El punto de partida de la serie de televisión Bron/Broen (puente, en sueco y en danés) es la aparición de un cadáver justo en la frontera que separa los dos países, sobre un puente que, por otro lado los une. El cuerpo actúa como un punto de sutura sobre una brecha, uniendo a los cuerpos (tan poético todo) de policía de los dos países en la búsqueda del asesino. A su vez, el cuerpo (en este caso el cuerpo sin vida) queda dividido entre la zona sueca y la noruega, como una declaración de neutralidad entre los dos lados del puente, o como una huída frustrada hacia uno de los dos lados.

Igual que en la serie de televisión, al cruzar una frontera (geopolítica, mental, física o cultural) nos dividimos. Nos dejamos parte de nosotros (digamos, un páncreas mental, o un esófago figurado) y, con el tiempo, generamos uno nuevo allá donde vamos. Cuando te marchas de tu país, y cruzas la frontera para establecerte en otro continente se desarrollan espacios vacíos con cosquilleos similares a los miembros fantasma de una persona mutilada. La mente te juega malas pasadas y hay días en los que vas a rascarte las costumbres, y no están. Lo mismo pasa con los amigos, o los boquerones en vinagre.

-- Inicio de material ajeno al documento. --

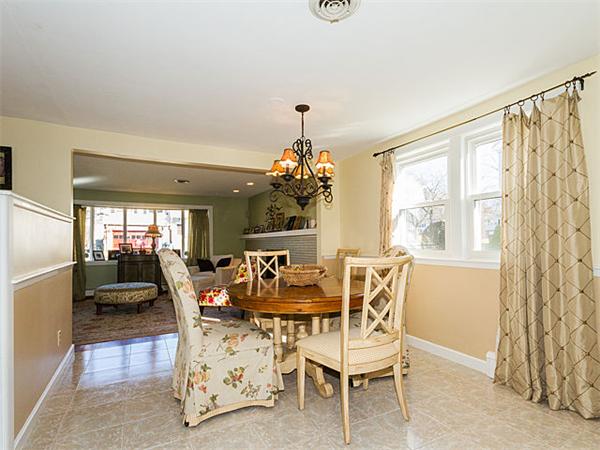 35 Beaver Brook Road Waltham, MA 02452 - Photo 9 of 23 Gallery Image 9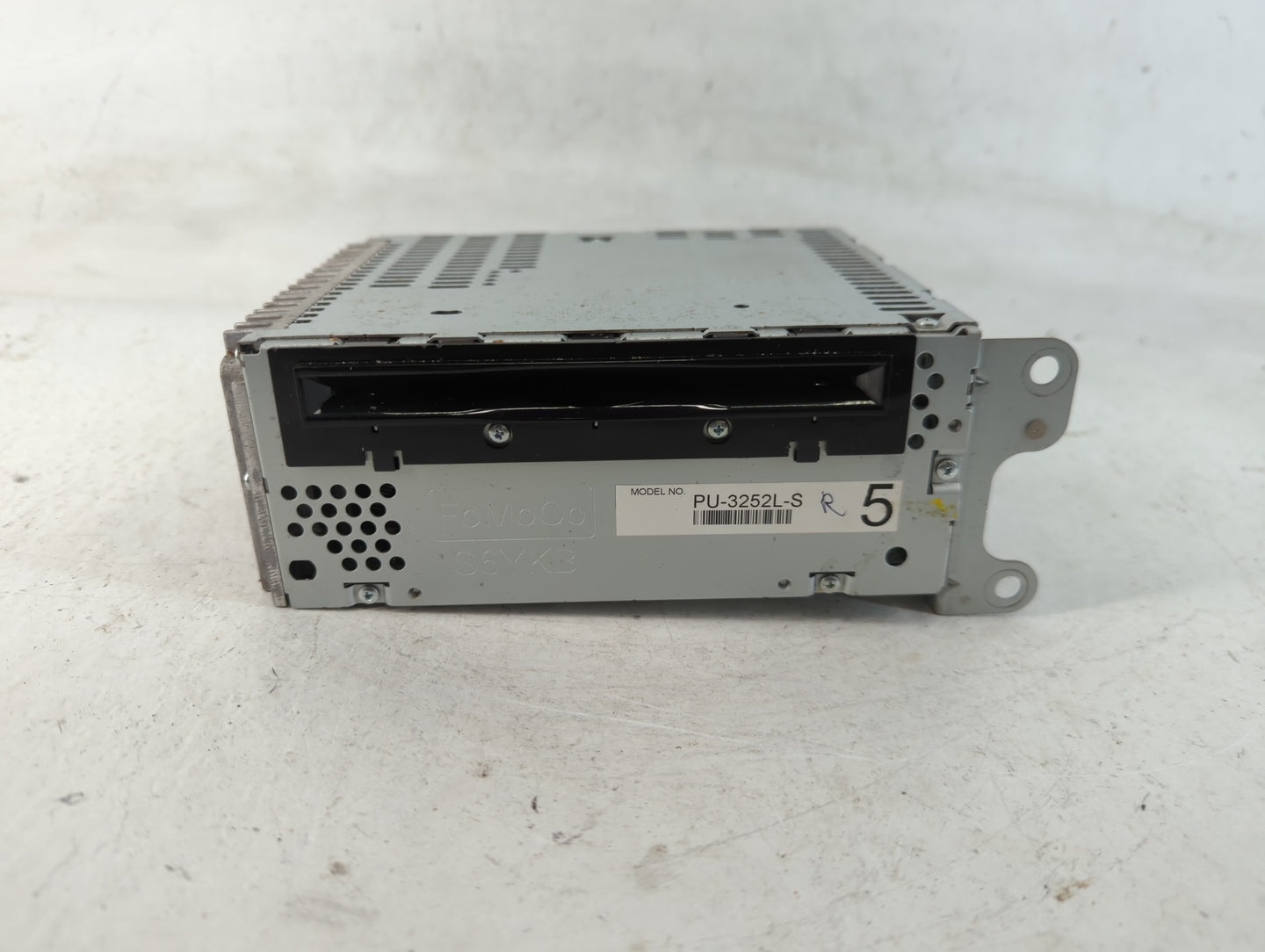2011 Ford Explorer Radio AM FM Cd Player Receiver Replacement P/N:BB5T-19C107-BS Fits OEM Used Auto Parts - Oemusedautoparts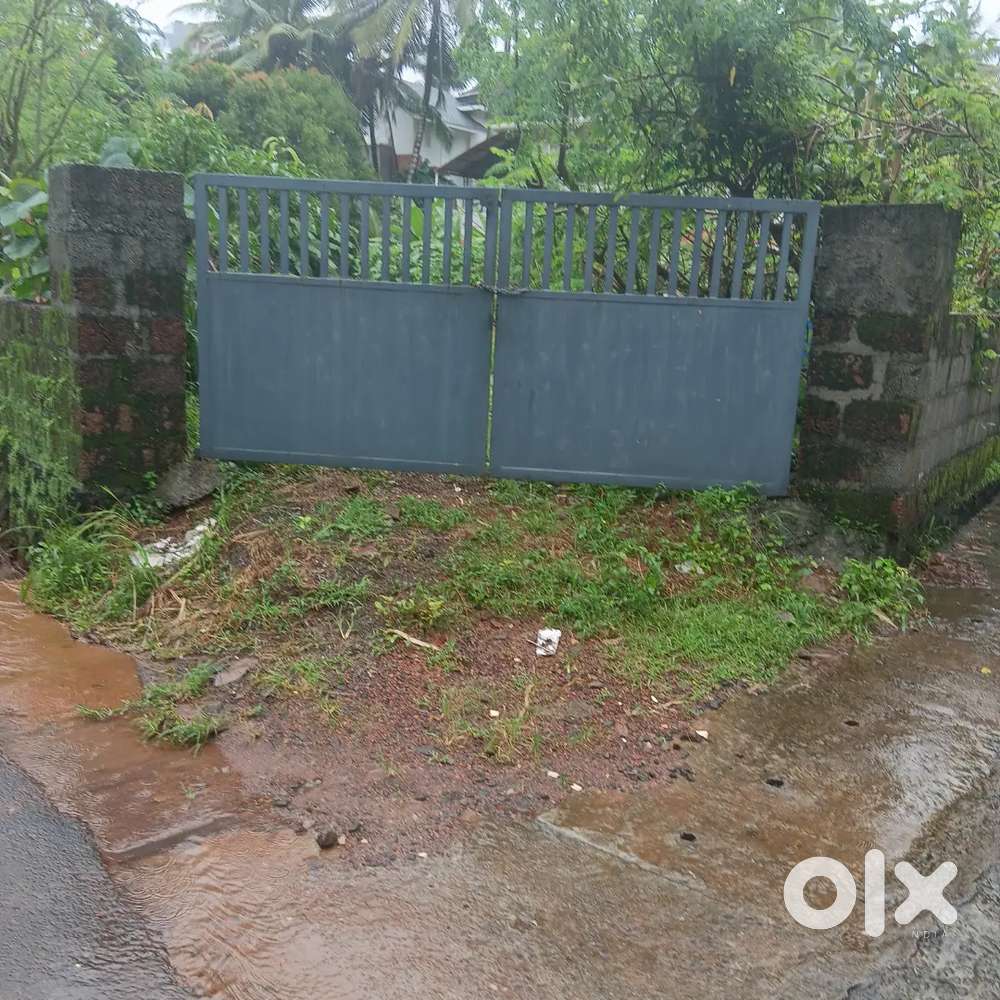 House plot Kav Bus stop , Thondayad, kozhikode for Sale
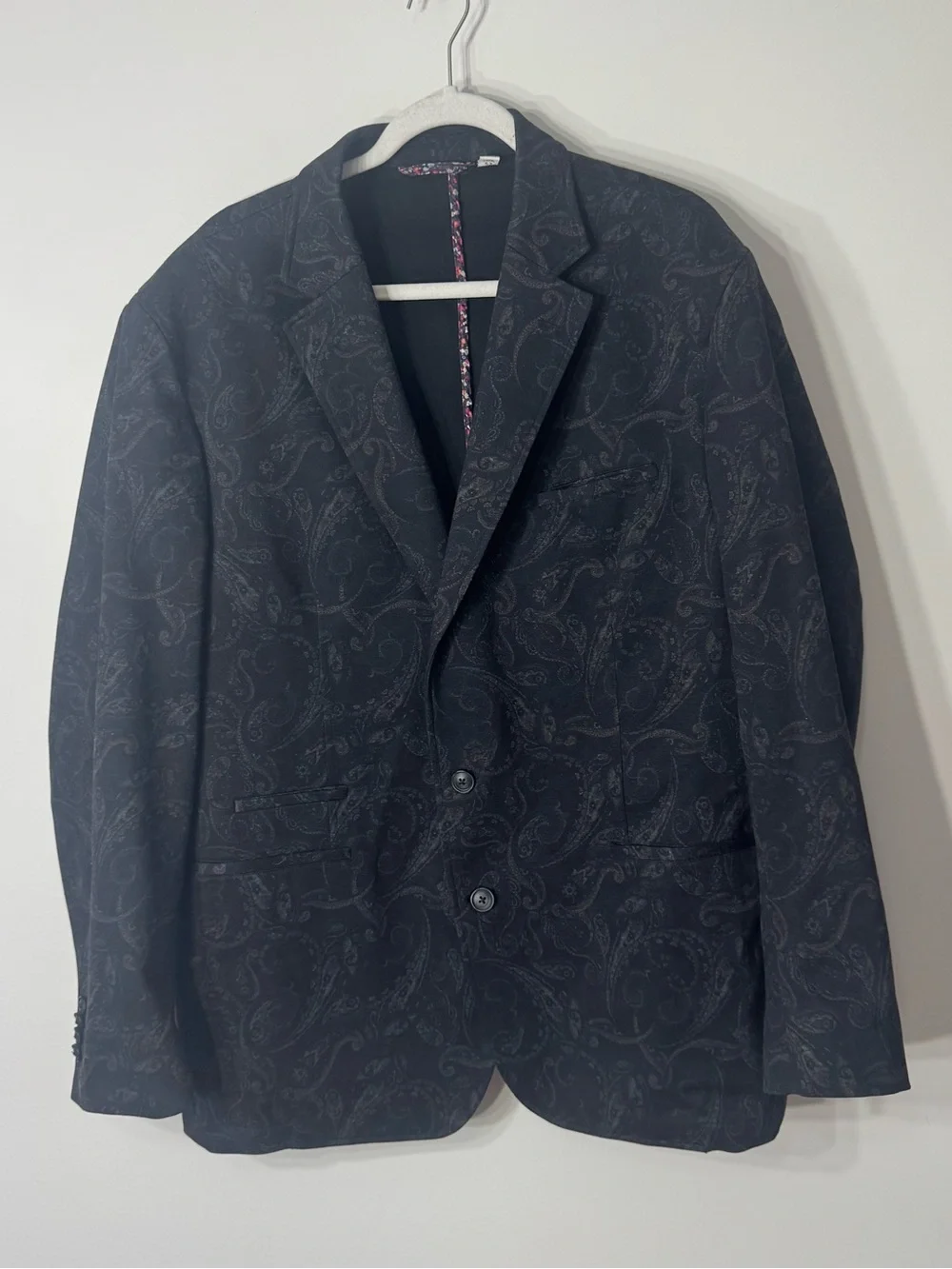 Robert Graham Black Paisley Jacquard Sports Coat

Cuando estás al otro lado, las fronteras son muchas. Son fronteras gastronómicas, urbanísticas, comportamentales… Esas son las grandes fronteras: la frontera entre tú y los demás, la frontera a lo desconocido. Y sabes que tendrás que apretar los dientes, y seguir caminando mientras te encuentras por el camino a algunos que vuelven, frustrados, mientras mascullan “Es que en España las cosas no son así”. Como domingueros que se sienten estafados porque pensaban que subir al Kilimanjaro iba a ser un paseo por el parque del barrio, mientras pasean al perro.

Cuando vuelves a casa (tu primera casa, la casa del otro que fuiste) aunque sea por vacaciones, te das cuenta que una parte de ti ya no es igual. Las cosas se miran con unos ojos nuevos. Unos ojos que has cambiado durante tu ausencia de tu ciudad o de tu barrio, y que han incorporado experiencias, temores, logros o revelaciones. Esos ojos  que vuelven, esa mirada (esa mente, esa nueva identidad) no ha evolucionado de la misma forma que si te hubieras quedado. Porque como decía Iván Fernández hace unos años, cuando escribía sobre Cormac Mcarthy y su trilogía de la frontera, la geografía exterior modifica la geografía interior. Y tanto que sí.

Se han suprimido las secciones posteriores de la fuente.